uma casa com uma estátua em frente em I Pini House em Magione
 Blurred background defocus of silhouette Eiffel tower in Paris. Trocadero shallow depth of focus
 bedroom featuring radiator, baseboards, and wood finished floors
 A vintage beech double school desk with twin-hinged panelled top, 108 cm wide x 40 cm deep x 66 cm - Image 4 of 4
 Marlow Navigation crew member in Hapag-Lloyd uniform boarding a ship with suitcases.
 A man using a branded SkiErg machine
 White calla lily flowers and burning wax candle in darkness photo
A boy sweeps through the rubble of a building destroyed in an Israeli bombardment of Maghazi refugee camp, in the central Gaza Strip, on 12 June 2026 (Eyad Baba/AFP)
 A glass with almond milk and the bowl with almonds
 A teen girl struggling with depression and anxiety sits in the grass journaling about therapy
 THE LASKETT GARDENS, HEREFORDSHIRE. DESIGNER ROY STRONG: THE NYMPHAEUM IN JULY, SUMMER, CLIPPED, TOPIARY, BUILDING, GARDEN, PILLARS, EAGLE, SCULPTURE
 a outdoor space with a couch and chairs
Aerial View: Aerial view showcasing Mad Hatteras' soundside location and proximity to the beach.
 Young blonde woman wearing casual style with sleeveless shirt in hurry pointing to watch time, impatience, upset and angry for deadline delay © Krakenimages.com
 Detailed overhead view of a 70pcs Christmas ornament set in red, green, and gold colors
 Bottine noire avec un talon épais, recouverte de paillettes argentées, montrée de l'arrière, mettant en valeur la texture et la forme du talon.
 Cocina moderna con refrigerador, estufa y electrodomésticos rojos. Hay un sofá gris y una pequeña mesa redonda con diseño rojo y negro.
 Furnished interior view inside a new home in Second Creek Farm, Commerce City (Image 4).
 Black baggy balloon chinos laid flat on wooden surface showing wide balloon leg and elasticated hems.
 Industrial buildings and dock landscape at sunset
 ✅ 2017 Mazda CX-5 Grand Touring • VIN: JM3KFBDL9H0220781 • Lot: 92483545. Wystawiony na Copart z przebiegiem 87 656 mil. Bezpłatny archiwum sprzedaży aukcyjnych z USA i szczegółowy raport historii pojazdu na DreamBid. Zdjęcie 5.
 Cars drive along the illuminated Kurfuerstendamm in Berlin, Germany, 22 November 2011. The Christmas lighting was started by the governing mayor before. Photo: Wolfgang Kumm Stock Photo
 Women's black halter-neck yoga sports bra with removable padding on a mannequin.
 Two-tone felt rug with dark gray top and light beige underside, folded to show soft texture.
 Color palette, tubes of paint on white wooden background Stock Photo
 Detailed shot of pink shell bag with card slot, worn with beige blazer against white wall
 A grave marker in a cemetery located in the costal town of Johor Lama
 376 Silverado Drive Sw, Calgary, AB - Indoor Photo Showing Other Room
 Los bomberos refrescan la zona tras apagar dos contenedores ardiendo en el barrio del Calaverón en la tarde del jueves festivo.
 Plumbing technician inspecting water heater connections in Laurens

|---|

→ Problem:
Copy down every line of the entries containing the word "wide".

→ Output for this task:
 A vintage beech double school desk with twin-hinged panelled top, 108 cm wide x 40 cm deep x 66 cm - Image 4 of 4
 Black baggy balloon chinos laid flat on wooden surface showing wide balloon leg and elasticated hems.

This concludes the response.